ENTRIES PROVIDED: Begin
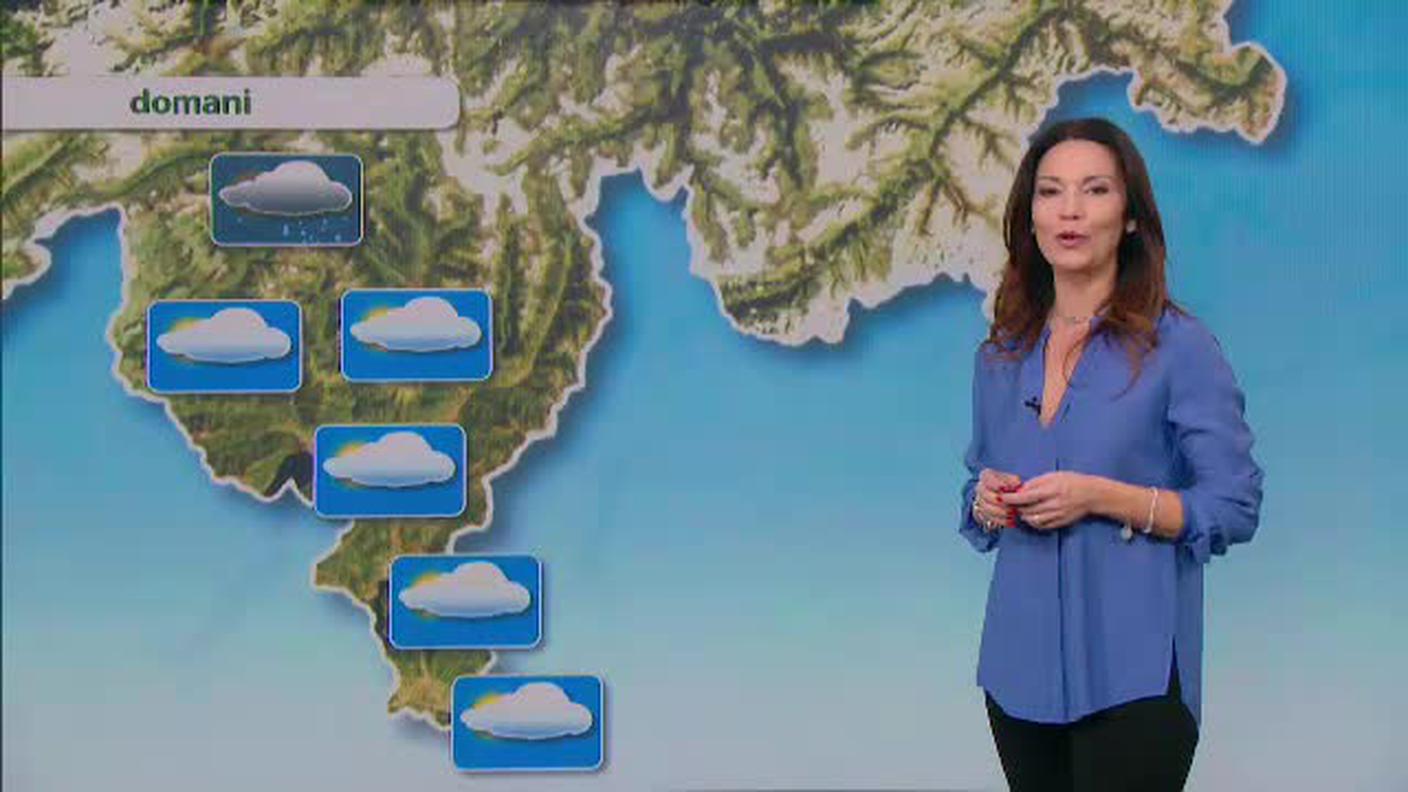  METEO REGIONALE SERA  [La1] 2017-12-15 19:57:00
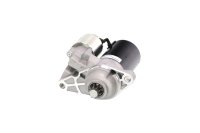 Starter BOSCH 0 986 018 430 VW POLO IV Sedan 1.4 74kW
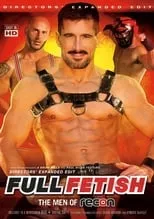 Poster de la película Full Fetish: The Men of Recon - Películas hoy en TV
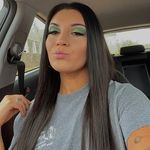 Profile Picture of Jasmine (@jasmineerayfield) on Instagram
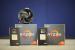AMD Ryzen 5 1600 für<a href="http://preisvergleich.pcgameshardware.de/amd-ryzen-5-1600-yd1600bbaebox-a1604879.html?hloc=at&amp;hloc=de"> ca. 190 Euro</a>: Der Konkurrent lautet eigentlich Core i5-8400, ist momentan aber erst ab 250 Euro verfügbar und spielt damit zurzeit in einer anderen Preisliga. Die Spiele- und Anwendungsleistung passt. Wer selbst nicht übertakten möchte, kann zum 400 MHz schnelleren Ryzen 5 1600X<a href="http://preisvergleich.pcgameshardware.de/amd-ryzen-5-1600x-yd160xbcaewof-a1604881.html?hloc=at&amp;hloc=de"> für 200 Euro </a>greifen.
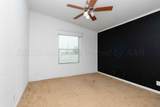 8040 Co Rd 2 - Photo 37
ENTRIES PROVIDED: End
Every line above has to be output exactly; the pictures must be dropped.

  METEO REGIONALE SERA  [La1] 2017-12-15 19:57:00
 Starter BOSCH 0 986 018 430 VW POLO IV Sedan 1.4 74kW
 Poster de la película Full Fetish: The Men of Recon - Películas hoy en TV
 Profile Picture of Jasmine (@jasmineerayfield) on Instagram
AMD Ryzen 5 1600 für<a href="http://preisvergleich.pcgameshardware.de/amd-ryzen-5-1600-yd1600bbaebox-a1604879.html?hloc=at&amp;hloc=de"> ca. 190 Euro</a>: Der Konkurrent lautet eigentlich Core i5-8400, ist momentan aber erst ab 250 Euro verfügbar und spielt damit zurzeit in einer anderen Preisliga. Die Spiele- und Anwendungsleistung passt. Wer selbst nicht übertakten möchte, kann zum 400 MHz schnelleren Ryzen 5 1600X<a href="http://preisvergleich.pcgameshardware.de/amd-ryzen-5-1600x-yd160xbcaewof-a1604881.html?hloc=at&amp;hloc=de"> für 200 Euro </a>greifen.
 8040 Co Rd 2 - Photo 37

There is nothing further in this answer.